(Stored entries)
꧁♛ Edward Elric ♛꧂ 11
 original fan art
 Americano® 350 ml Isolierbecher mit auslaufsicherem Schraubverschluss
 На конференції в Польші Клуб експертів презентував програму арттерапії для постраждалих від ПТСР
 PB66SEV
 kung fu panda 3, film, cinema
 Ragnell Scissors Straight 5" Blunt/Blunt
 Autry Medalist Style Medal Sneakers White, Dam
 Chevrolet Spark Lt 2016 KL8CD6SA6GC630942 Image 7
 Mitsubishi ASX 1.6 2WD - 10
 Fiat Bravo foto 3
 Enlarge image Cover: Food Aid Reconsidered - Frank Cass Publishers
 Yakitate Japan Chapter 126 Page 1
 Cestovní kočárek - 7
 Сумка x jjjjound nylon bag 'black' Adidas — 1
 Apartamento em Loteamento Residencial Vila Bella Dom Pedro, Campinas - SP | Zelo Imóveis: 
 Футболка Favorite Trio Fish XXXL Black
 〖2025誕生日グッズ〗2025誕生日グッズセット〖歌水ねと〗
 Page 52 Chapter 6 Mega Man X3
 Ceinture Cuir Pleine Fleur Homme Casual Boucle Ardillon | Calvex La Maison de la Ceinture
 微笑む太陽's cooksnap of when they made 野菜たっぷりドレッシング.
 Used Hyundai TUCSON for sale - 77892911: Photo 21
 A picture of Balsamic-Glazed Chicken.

→ **Problem statement**
The records above must be printed again in full, exactly as written.

→ **Task answer**
꧁♛ Edward Elric ♛꧂ 11
 original fan art
 Americano® 350 ml Isolierbecher mit auslaufsicherem Schraubverschluss
 На конференції в Польші Клуб експертів презентував програму арттерапії для постраждалих від ПТСР
 PB66SEV
 kung fu panda 3, film, cinema
 Ragnell Scissors Straight 5" Blunt/Blunt
 Autry Medalist Style Medal Sneakers White, Dam
 Chevrolet Spark Lt 2016 KL8CD6SA6GC630942 Image 7
 Mitsubishi ASX 1.6 2WD - 10
 Fiat Bravo foto 3
 Enlarge image Cover: Food Aid Reconsidered - Frank Cass Publishers
 Yakitate Japan Chapter 126 Page 1
 Cestovní kočárek - 7
 Сумка x jjjjound nylon bag 'black' Adidas — 1
 Apartamento em Loteamento Residencial Vila Bella Dom Pedro, Campinas - SP | Zelo Imóveis: 
 Футболка Favorite Trio Fish XXXL Black
 〖2025誕生日グッズ〗2025誕生日グッズセット〖歌水ねと〗
 Page 52 Chapter 6 Mega Man X3
 Ceinture Cuir Pleine Fleur Homme Casual Boucle Ardillon | Calvex La Maison de la Ceinture
 微笑む太陽's cooksnap of when they made 野菜たっぷりドレッシング.
 Used Hyundai TUCSON for sale - 77892911: Photo 21
 A picture of Balsamic-Glazed Chicken.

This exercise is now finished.